**DATA FOR THIS EXERCISE:**
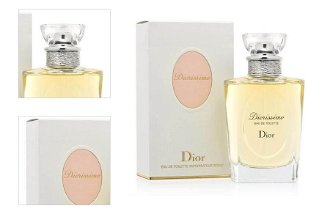 Dior Diorissimo - EDT 100 ml 4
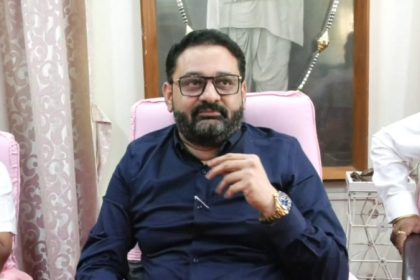 BJP MLA Nikhil Katti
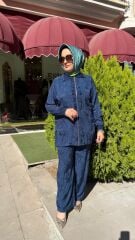 FUAT GÜRŞEN KENDİNDEN DESENLİ TAKIM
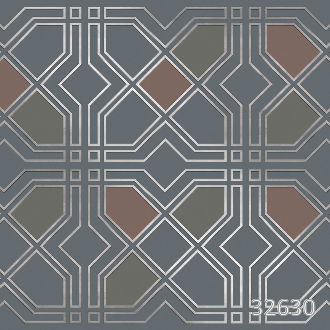 Ornament gray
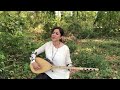 NAZLI ÖKSÜZ - Pencereden Bir Taş Geldi (Mamoş) (Akustik) (Elazığ Türküsü)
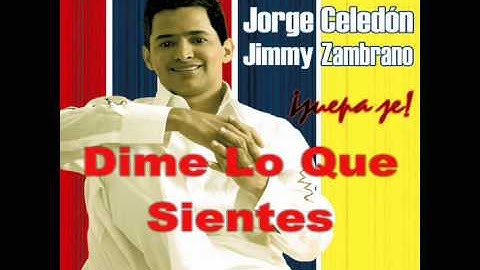 Dime Lo Que Sientes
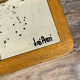Jean d'Asti Vallauris: ceramic tile coffee table circa 1960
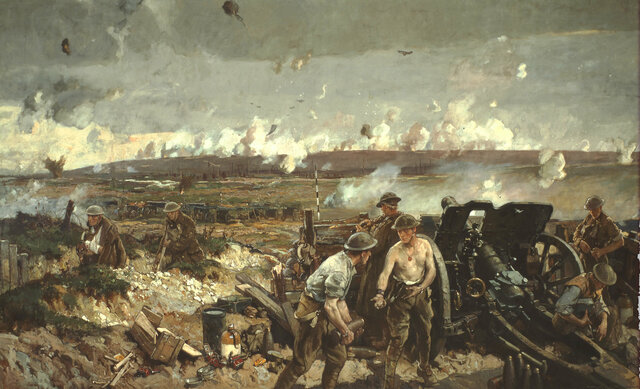 battle of vimy ridge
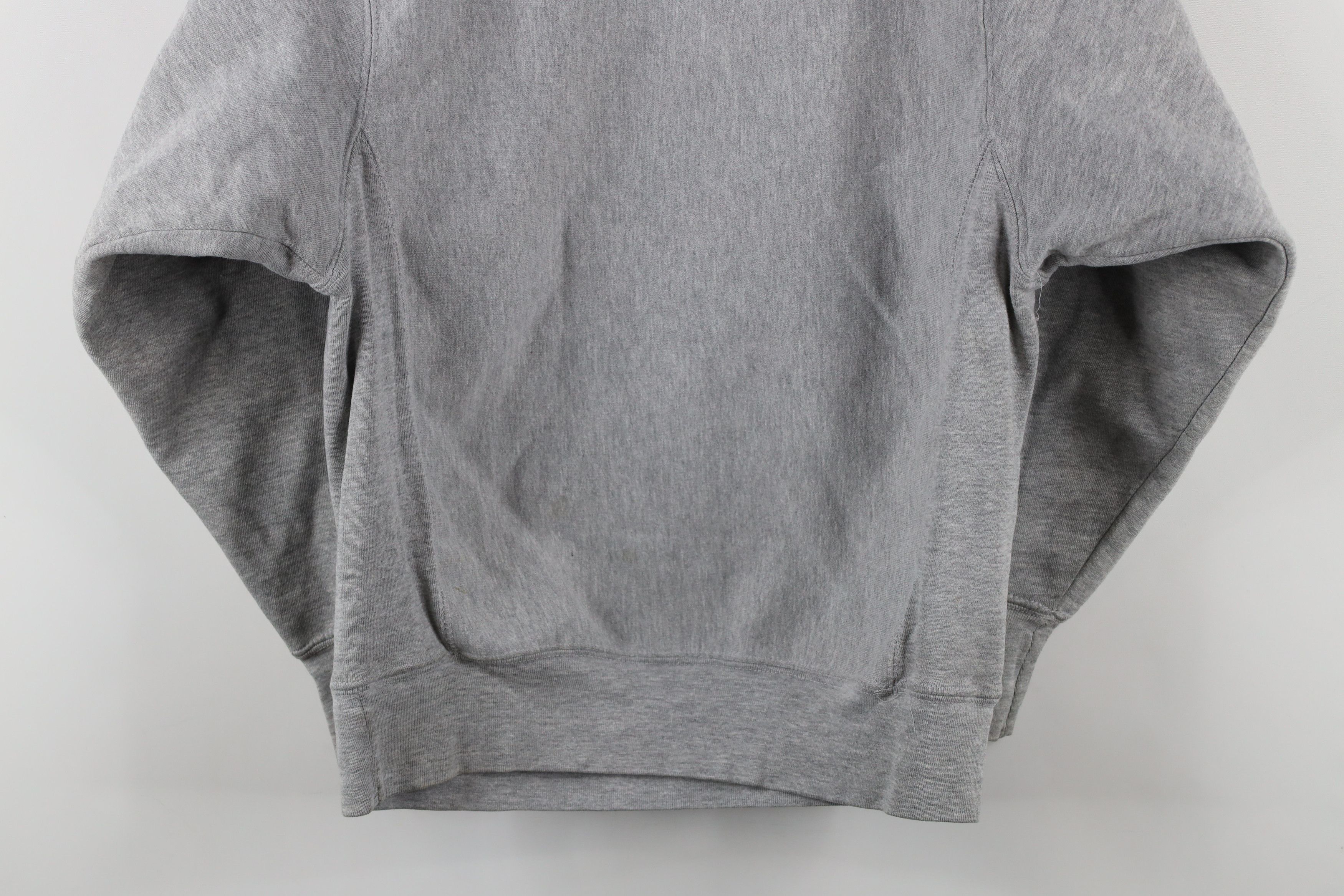 Vintage Vintage 90s Oklahoma University Heavyweight Sweatshirt Size US XS / EU 42 / 0 - 11 Thumbnail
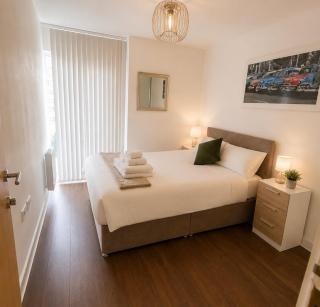 The Cosy City Sanctuary - 2Bed 2Bath - 9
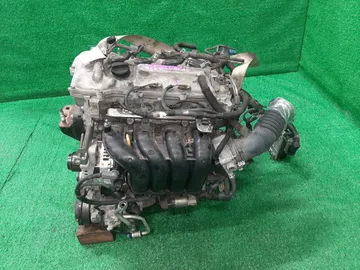 ДВИГАТЕЛЬ НА TOYOTA COROLLA FIELDER ZRE142G 2ZR-FE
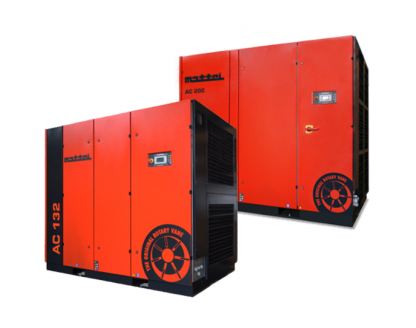 Sprężarki serii AC 110÷250 kW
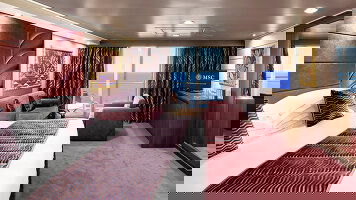 MSC Preziosa MSC Yacht Club Grand Suite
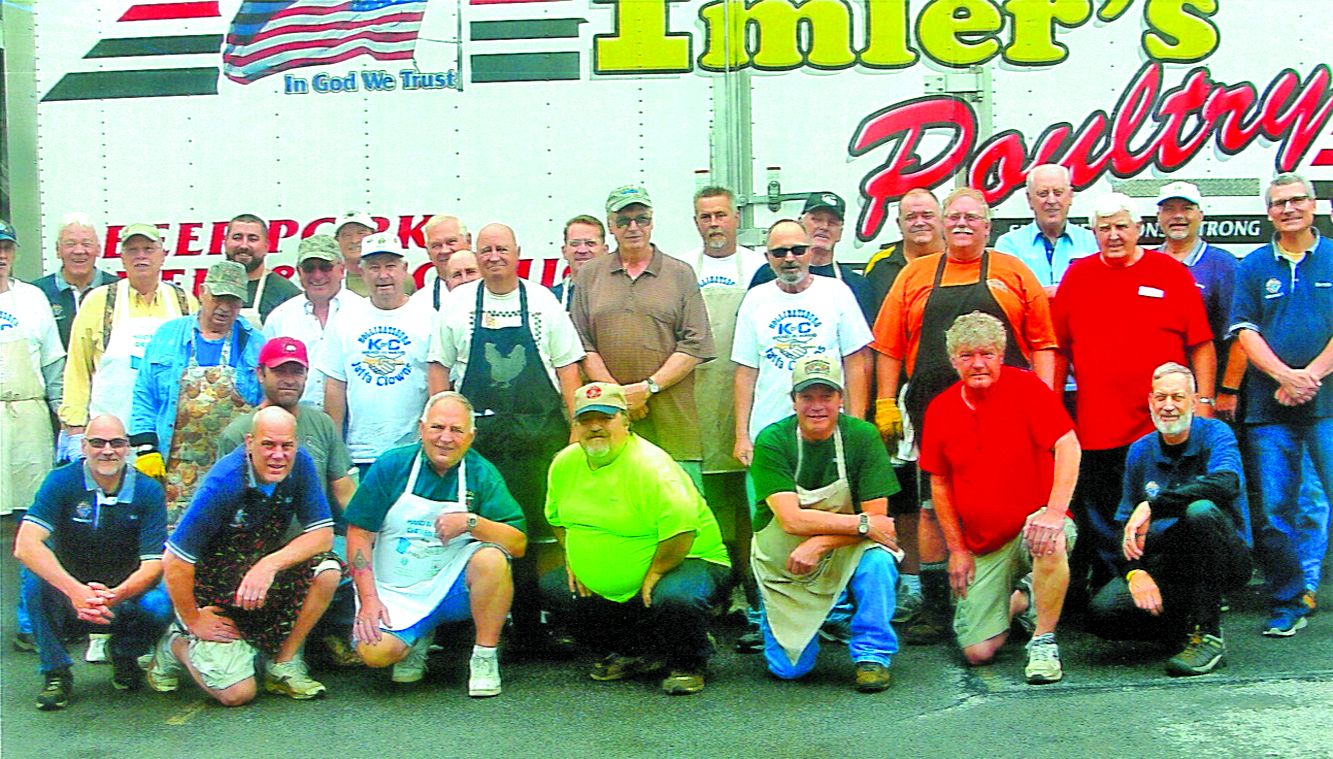 BBQ aids Shriners Hospitals News, Sports, Jobs Altoona Mirror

**TASK DESCRIPTION:** Please repeat each line above exactly as it appears, but omit the pictures.

**EXERCISE RESULT:**
 Dior Diorissimo - EDT 100 ml 4
 BJP MLA Nikhil Katti
 FUAT GÜRŞEN KENDİNDEN DESENLİ TAKIM
 Ornament gray
 NAZLI ÖKSÜZ - Pencereden Bir Taş Geldi (Mamoş) (Akustik) (Elazığ Türküsü)
 Dime Lo Que Sientes
Jean d'Asti Vallauris: ceramic tile coffee table circa 1960
 battle of vimy ridge
 Vintage Vintage 90s Oklahoma University Heavyweight Sweatshirt Size US XS / EU 42 / 0 - 11 Thumbnail
 The Cosy City Sanctuary - 2Bed 2Bath - 9
 ДВИГАТЕЛЬ НА TOYOTA COROLLA FIELDER ZRE142G 2ZR-FE
 Sprężarki serii AC 110÷250 kW
 MSC Preziosa MSC Yacht Club Grand Suite
 BBQ aids Shriners Hospitals News, Sports, Jobs Altoona Mirror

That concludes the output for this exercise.